Repito. «Enviar armas para la paz». En cinco palabras se concentra toda la vergüenza de la que somos capaces. Pero así funciona el anuncio orquestado por países salvadores en el que se ha convertido esta guerra, la misma de siempre con otros ojos. De ahí los discursos que apelan a la víscera, a la unión, al qué hacer, qué decir, qué pensar, cuando, en realidad, ya lo sabíamos. Pura épica. Se señala el origen del mal, de repente un tirano imprevisible, y a cambio se le conceden metros y muerte, no vaya a ser que le dé por cortar el suministro y Europa se quede a oscuras. Más aún.
Desde mi casa a 3.635 kilómetros de Kiev, todo se ve turbio o demasiado claro, depende de las nubes y el 5G. Y uno sabe cuál es su opinión, pura ignorancia, pero no sabe qué hacer, de ahí que sean las pequeñas y grandes historias de la resistencia las que nos den la justa medida del sufrimiento. En sus rostros se concentra la única lucha que merece librarse: la lucha por la vida. El resto es ruido de bombas y barbarie en el tablero de la geopolítica, una ciencia dominada por todos mis vecinos.

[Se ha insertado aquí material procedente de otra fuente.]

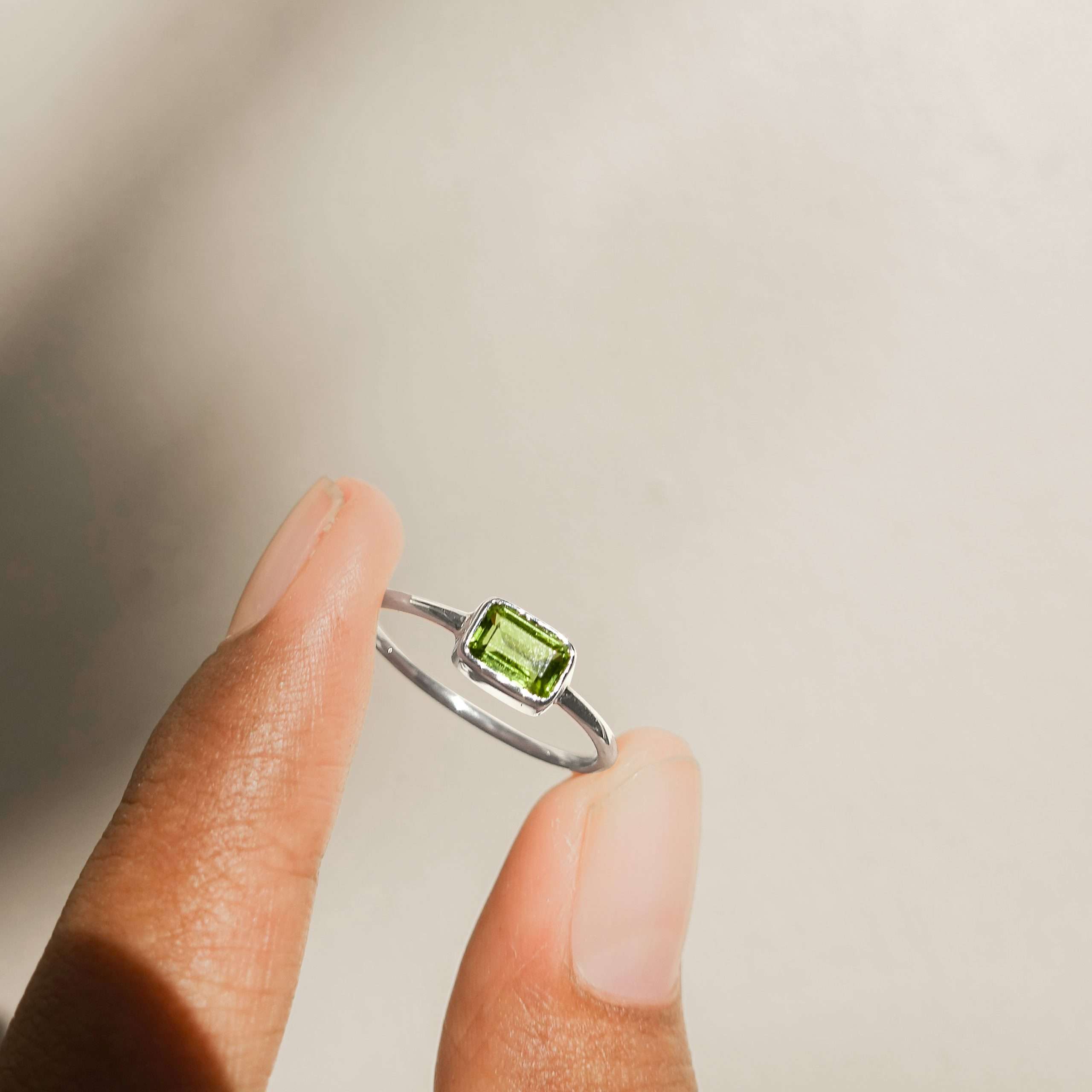 13507-PE<br>ring thin band w/ 4X6 rectangular stone Peridot - Image 3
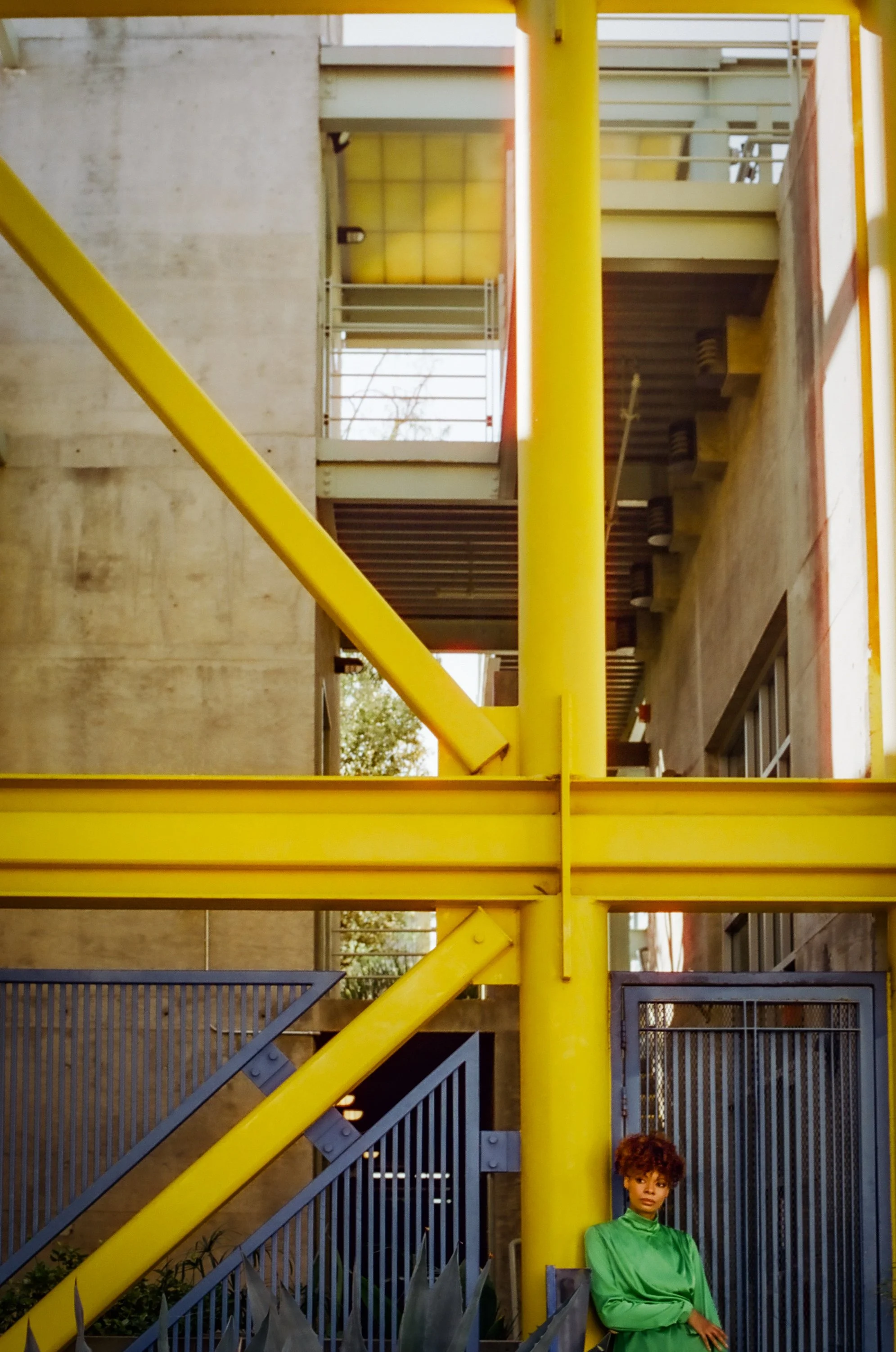 Ariel DLGrey 60020.jpg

Resulta que si queremos mantener el equilibrio y la estabilidad en Ucrania y los 194 países que la rodean, hay que velar las armas y guardarlas a buen recaudo. Deponerlas implica renunciar a la paz. Esta contradicción se convierte en nuestra trinchera invisible, por lo que tendemos a desterrarla cada día. Es más, a las 14:00 horas estaré cantando en Radio 3… y el mundo en guerra.